▶ [TASK DIRECTIONS] Which lines in the records below mention the word "Used"? Copy each one out.

▶ [RECORDS PROVIDED]
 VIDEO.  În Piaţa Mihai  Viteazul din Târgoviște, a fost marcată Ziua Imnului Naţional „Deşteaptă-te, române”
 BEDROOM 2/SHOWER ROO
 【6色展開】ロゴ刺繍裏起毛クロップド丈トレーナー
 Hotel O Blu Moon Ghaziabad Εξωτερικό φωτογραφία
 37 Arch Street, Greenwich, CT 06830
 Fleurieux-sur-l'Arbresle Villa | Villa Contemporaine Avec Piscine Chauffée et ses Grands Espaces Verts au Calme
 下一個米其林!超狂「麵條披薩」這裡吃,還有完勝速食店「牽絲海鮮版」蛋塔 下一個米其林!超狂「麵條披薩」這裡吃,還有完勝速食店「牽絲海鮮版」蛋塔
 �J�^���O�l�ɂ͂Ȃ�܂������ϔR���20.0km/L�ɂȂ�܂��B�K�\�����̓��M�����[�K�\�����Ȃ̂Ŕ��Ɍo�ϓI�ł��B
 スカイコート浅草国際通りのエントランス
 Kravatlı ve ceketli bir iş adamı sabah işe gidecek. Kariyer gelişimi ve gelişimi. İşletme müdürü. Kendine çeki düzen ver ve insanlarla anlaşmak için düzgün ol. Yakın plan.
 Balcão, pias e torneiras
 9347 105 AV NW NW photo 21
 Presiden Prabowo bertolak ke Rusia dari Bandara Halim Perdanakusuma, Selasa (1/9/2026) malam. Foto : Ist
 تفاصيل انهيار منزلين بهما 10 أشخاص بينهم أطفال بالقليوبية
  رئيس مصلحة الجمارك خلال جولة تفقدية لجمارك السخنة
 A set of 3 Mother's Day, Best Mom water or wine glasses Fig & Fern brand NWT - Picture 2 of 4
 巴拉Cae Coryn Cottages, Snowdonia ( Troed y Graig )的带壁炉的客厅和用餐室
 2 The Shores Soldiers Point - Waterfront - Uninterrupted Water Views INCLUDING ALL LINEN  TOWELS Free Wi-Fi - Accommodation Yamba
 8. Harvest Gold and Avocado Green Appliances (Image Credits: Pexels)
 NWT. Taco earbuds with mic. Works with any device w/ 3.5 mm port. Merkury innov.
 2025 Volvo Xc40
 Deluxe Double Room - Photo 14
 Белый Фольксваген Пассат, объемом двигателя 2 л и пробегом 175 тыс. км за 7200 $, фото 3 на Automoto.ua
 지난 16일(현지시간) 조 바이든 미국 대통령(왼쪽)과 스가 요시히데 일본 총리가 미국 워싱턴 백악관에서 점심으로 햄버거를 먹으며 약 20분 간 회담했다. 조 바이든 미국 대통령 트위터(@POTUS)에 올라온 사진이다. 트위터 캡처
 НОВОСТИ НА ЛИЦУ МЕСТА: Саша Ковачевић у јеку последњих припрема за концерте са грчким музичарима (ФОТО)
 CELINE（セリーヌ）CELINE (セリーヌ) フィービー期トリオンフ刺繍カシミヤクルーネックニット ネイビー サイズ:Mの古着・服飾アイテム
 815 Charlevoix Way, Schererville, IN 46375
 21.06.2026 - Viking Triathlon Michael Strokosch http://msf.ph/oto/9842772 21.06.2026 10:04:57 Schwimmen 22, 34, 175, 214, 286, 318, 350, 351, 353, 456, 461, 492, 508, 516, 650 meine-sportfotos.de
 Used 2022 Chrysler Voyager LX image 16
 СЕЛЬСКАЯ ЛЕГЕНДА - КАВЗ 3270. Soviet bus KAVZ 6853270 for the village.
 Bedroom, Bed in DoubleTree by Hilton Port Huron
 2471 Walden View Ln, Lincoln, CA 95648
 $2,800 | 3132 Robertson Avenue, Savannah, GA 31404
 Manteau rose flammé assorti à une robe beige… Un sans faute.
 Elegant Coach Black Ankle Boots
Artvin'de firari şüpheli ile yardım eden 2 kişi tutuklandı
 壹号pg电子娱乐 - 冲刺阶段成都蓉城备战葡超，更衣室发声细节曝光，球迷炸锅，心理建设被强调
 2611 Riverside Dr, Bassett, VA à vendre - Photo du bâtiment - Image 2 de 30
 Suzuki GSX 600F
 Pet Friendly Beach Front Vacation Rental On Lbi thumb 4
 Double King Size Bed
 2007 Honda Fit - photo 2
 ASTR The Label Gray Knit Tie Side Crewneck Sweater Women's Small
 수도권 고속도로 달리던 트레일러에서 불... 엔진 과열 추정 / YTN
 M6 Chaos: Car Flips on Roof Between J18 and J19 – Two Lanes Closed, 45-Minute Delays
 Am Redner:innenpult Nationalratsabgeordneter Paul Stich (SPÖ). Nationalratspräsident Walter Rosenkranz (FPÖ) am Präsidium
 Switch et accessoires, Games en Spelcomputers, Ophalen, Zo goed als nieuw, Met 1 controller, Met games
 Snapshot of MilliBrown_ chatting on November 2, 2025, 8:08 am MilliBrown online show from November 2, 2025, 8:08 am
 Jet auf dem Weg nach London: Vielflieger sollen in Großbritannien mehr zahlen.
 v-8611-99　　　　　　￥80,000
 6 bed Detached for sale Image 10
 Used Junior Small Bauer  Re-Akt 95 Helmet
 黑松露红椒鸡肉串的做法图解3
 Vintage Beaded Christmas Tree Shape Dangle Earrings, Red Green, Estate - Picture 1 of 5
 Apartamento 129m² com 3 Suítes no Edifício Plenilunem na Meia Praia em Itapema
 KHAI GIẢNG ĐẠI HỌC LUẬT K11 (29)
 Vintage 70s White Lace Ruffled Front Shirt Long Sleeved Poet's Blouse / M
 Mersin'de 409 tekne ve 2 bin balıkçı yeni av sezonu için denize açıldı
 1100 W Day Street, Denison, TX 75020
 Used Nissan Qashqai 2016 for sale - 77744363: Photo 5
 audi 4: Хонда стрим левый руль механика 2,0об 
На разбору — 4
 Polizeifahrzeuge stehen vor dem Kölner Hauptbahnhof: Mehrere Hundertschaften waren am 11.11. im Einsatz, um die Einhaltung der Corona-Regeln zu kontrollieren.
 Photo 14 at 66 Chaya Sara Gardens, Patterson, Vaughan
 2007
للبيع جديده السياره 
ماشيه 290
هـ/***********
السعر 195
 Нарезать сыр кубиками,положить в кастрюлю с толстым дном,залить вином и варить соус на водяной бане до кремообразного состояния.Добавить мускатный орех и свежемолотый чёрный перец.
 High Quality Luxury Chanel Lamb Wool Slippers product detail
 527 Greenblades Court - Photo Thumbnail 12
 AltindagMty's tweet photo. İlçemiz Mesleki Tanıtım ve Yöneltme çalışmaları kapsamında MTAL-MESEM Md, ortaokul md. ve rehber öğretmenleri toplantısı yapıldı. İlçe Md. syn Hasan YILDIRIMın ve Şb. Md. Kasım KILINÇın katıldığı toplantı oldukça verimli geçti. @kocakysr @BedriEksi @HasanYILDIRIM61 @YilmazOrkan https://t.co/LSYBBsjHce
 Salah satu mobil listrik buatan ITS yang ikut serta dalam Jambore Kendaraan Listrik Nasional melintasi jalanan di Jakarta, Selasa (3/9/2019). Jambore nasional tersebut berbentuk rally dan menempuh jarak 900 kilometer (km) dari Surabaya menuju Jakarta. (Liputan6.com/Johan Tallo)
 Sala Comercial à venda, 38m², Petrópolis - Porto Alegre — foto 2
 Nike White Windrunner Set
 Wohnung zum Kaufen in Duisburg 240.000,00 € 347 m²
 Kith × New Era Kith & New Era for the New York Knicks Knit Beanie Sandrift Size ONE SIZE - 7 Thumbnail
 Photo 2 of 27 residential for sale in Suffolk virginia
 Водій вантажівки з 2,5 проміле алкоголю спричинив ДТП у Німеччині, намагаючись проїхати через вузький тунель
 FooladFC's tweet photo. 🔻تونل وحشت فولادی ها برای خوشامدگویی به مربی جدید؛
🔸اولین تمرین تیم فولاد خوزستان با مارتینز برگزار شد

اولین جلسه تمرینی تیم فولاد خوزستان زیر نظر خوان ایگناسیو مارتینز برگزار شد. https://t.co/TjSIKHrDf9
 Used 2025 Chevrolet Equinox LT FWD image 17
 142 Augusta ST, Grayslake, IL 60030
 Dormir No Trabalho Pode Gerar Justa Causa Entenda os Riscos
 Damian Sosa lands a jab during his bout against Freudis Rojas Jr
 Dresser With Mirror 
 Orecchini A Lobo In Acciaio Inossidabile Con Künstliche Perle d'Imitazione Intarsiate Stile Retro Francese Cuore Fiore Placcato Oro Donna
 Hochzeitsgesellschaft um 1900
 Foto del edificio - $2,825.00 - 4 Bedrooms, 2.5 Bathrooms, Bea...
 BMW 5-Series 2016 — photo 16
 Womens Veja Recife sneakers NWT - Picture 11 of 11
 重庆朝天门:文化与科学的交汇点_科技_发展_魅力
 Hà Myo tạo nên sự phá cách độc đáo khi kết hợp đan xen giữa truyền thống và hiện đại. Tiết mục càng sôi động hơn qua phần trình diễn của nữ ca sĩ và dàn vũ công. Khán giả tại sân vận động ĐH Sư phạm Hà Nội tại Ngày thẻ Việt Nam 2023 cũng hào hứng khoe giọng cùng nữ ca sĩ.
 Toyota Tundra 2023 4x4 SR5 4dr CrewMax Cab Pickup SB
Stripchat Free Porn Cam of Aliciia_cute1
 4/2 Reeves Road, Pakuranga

▶ [TASK OUTPUT]
 Used 2022 Chrysler Voyager LX image 16
 Used Junior Small Bauer  Re-Akt 95 Helmet
 Used Nissan Qashqai 2016 for sale - 77744363: Photo 5
 Used 2025 Chevrolet Equinox LT FWD image 17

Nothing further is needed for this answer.